Segment Start: STORED DATA

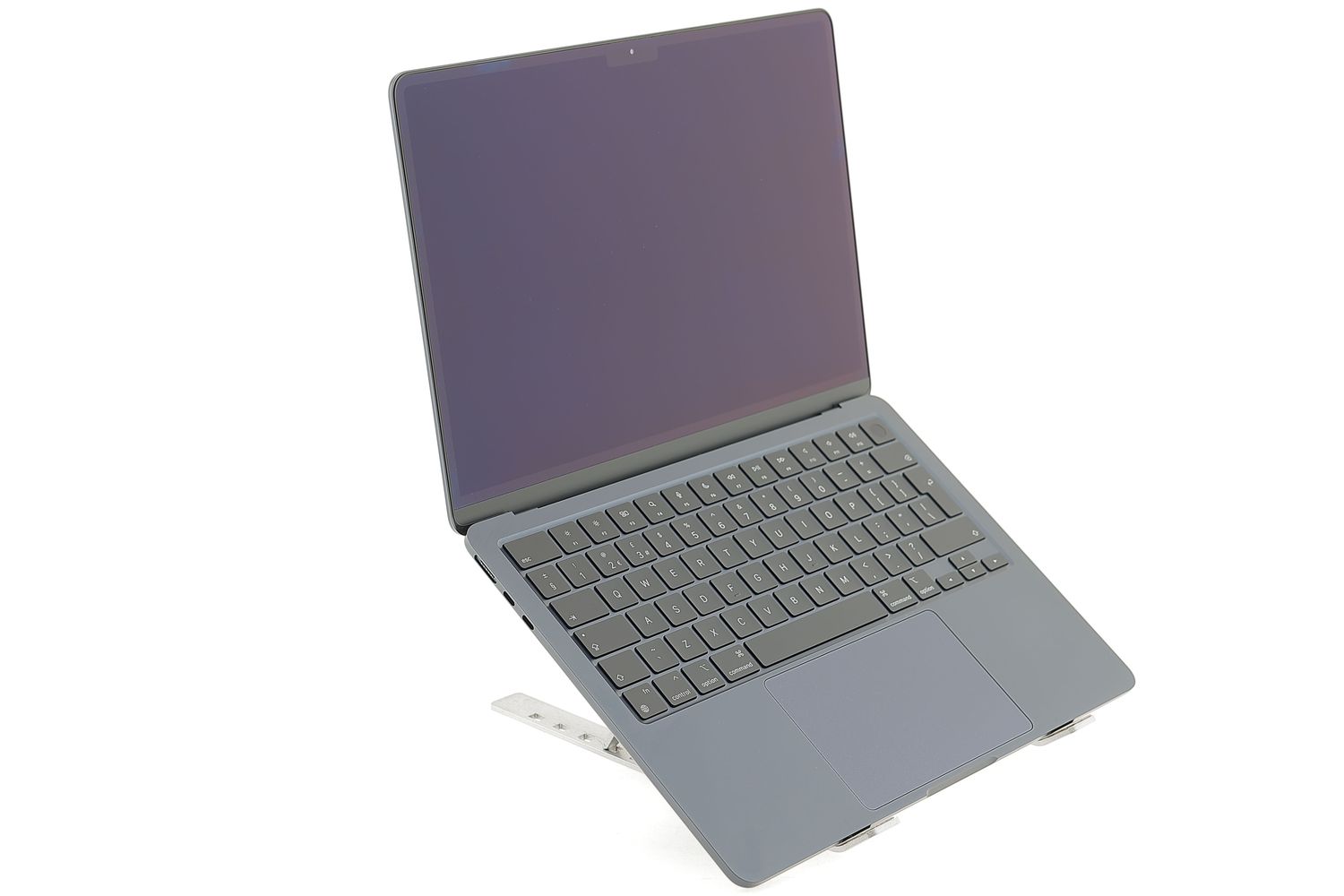 Apple MacBook Air 13″ 2022, M2 8 Cores, 8 GB, 8 core GPU 256 GB Midnight - Újszerű
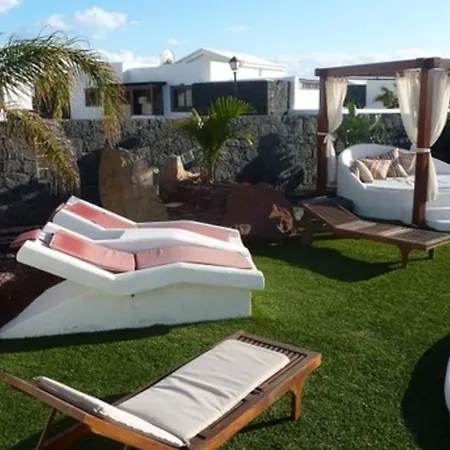 Eslanzarote Victoria, Heated Pool, Super Wifi, Sat Tv Villa *
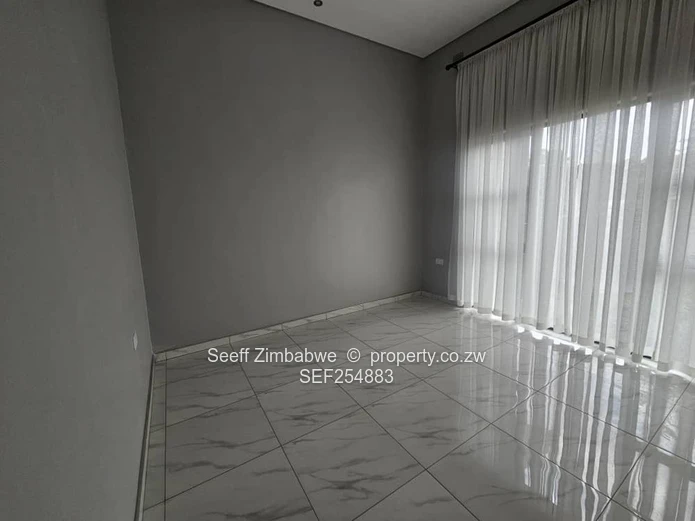 Elegant 3-Bedroom All-Ensuite Residence | Glen Lorne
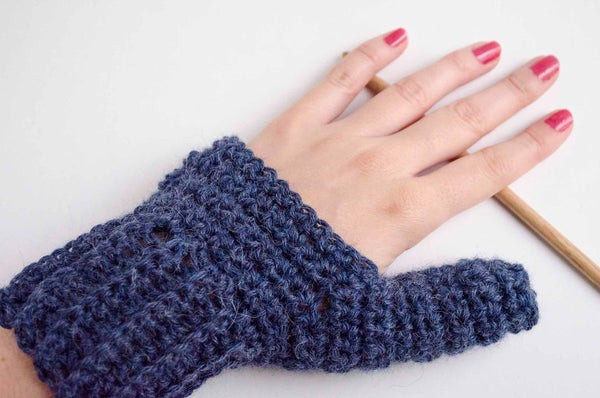 Complete Guide to Crocheting a Beautiful Mitten with Baby Alpaca Yarn Complete Guide to Crocheting a Beautiful Mitten with Baby Alpaca Yarn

Segment End: STORED DATA

■ DIRECTIONS ■
Take the listing and print it again exactly, but without any pictures.

■ ANSWER FOR THE TASK ■
 Apple MacBook Air 13″ 2022, M2 8 Cores, 8 GB, 8 core GPU 256 GB Midnight - Újszerű
 Eslanzarote Victoria, Heated Pool, Super Wifi, Sat Tv Villa *
 Elegant 3-Bedroom All-Ensuite Residence | Glen Lorne
 Complete Guide to Crocheting a Beautiful Mitten with Baby Alpaca Yarn Complete Guide to Crocheting a Beautiful Mitten with Baby Alpaca Yarn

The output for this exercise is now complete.